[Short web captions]

____________

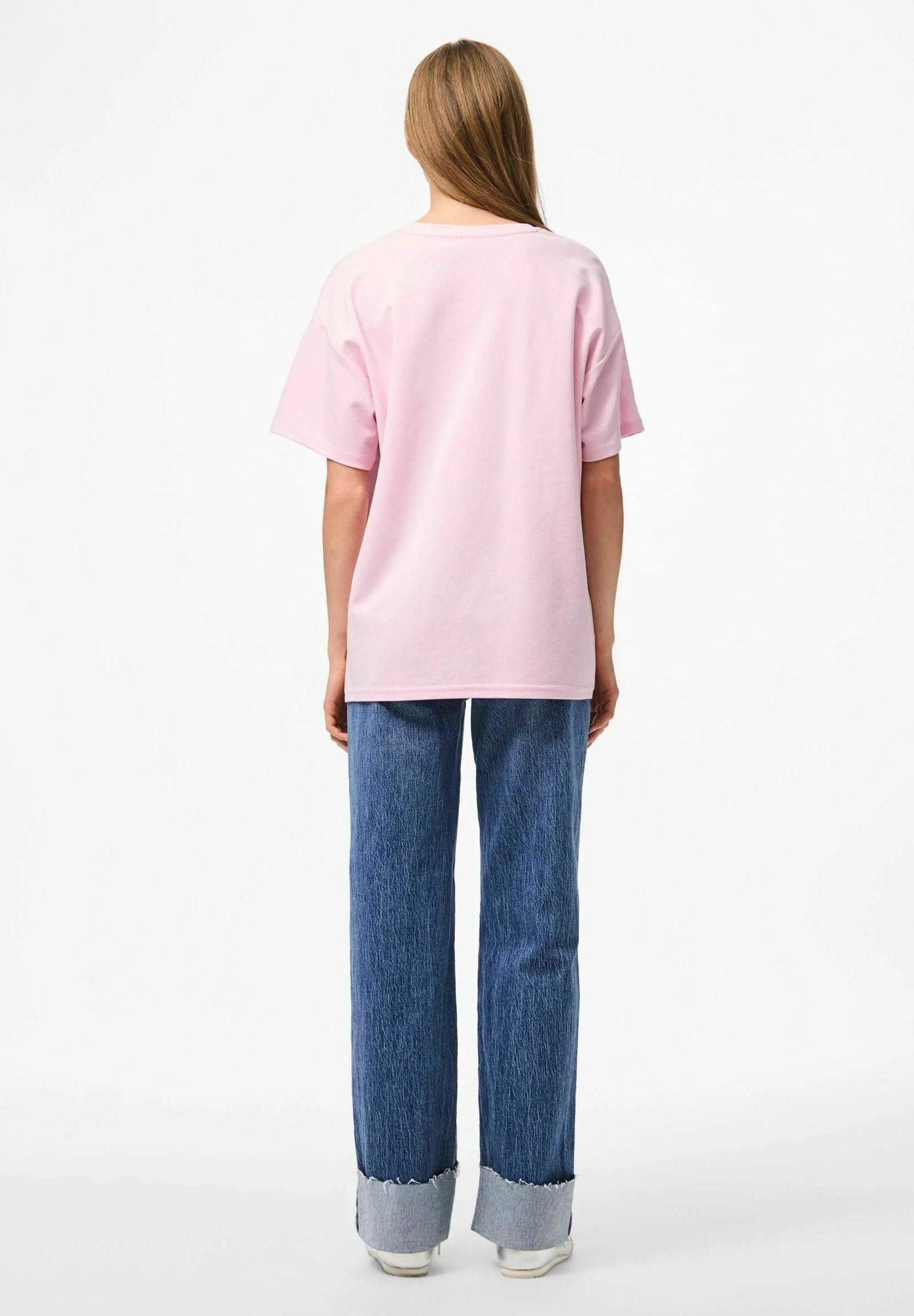 PIECES SKYLAR SS OVERSIZED TEE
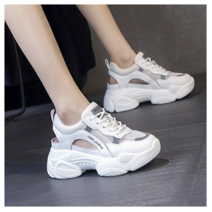 메쉬 키높이 5cm 여자 여름 신발 샌들 운동화 캐주얼화 여성 통굽 슈즈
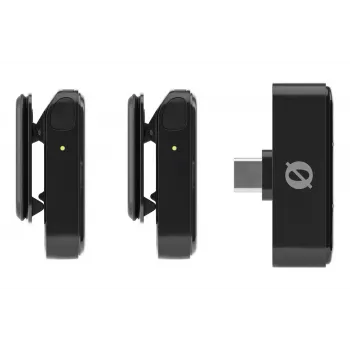 Bezvadu piespraužamais mikrofons Rode Wireless Micro Black — omnidirekcionāls, 100 m darbības rādiuss, 7 h akumulators, 48 kHz/24-bit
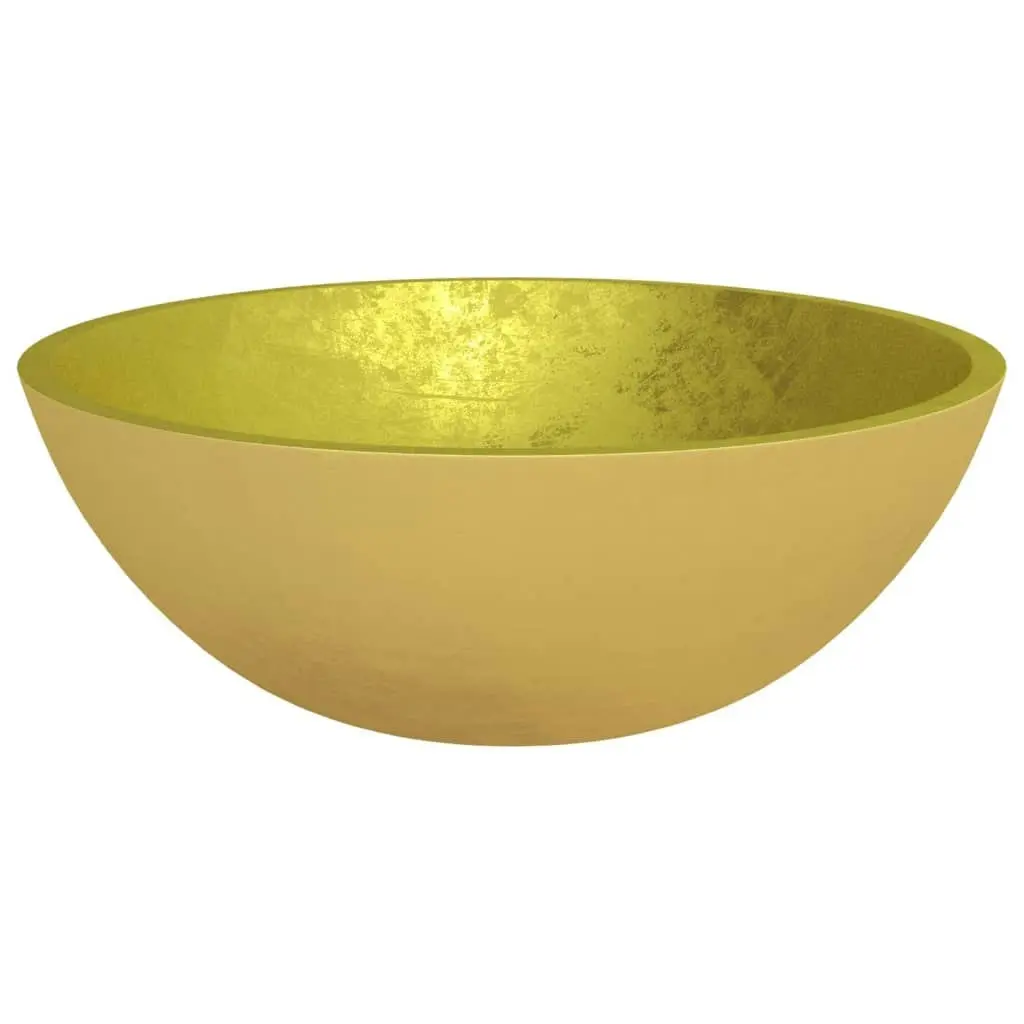 Basin Glass 50x37x14 cm Gold 345261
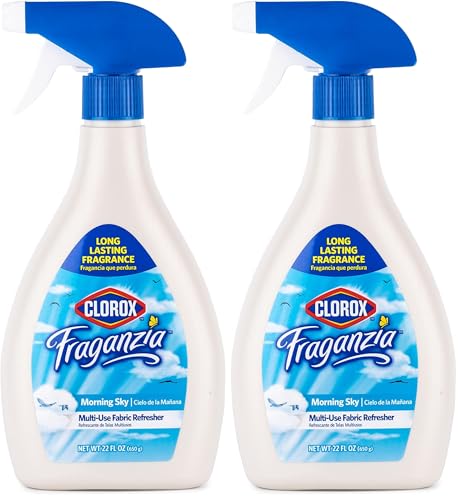 Image of Clorox Fraganzia Refresher Spray 22oz Morning Sky | Multi-Use Fabric Refresher Spray in Morning Sky Scent | 22 Ounce Fabric Spray, Room Freshening Spray (Pack of 2)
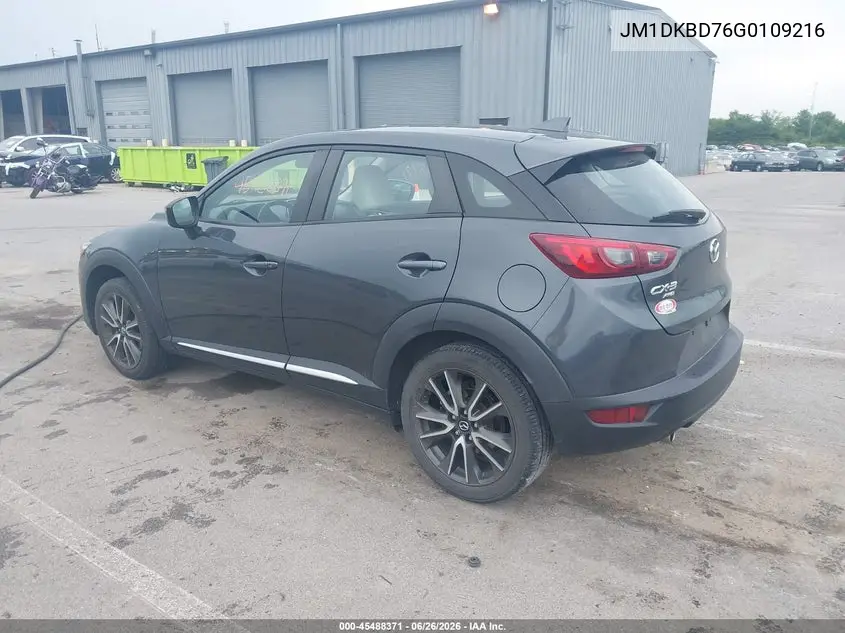 2016 Mazda Cx-3 Grand Touring VIN: JM1DKBD76G0109216 Lot: 45488371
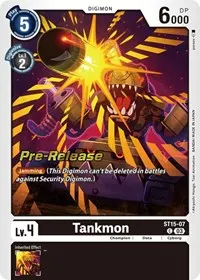 Tankmon (Starter Deck 15: Dragon of Courage Pre-Release Cards)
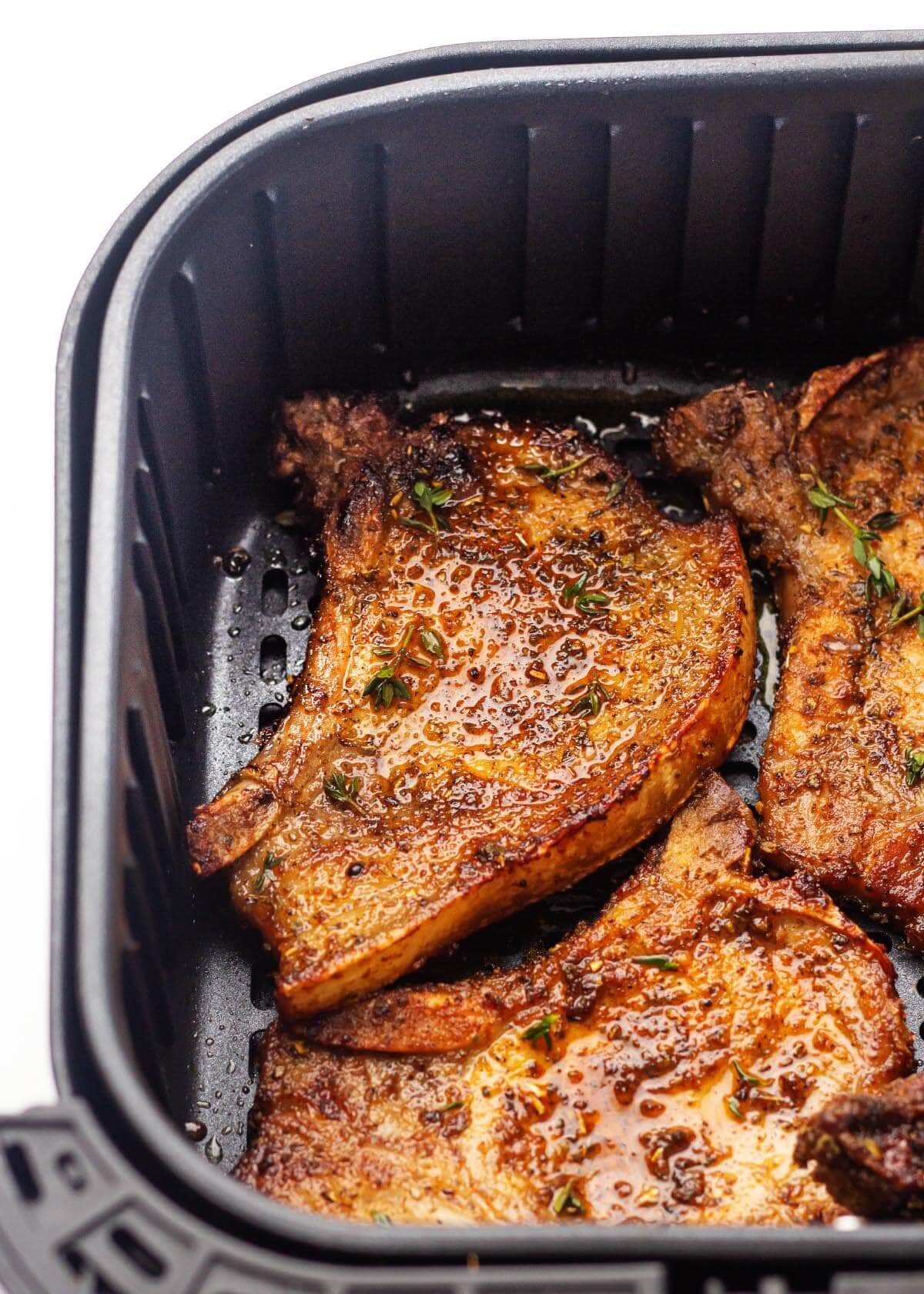 pork chops in the air fryer basket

____________

When you reach the line containing "Tankmon (Starter Deck" in the records above, write out that line and every line after it through the end, exactly, but omit the pictures.

> [TASK SOLUTION]
 Tankmon (Starter Deck 15: Dragon of Courage Pre-Release Cards)
 pork chops in the air fryer basket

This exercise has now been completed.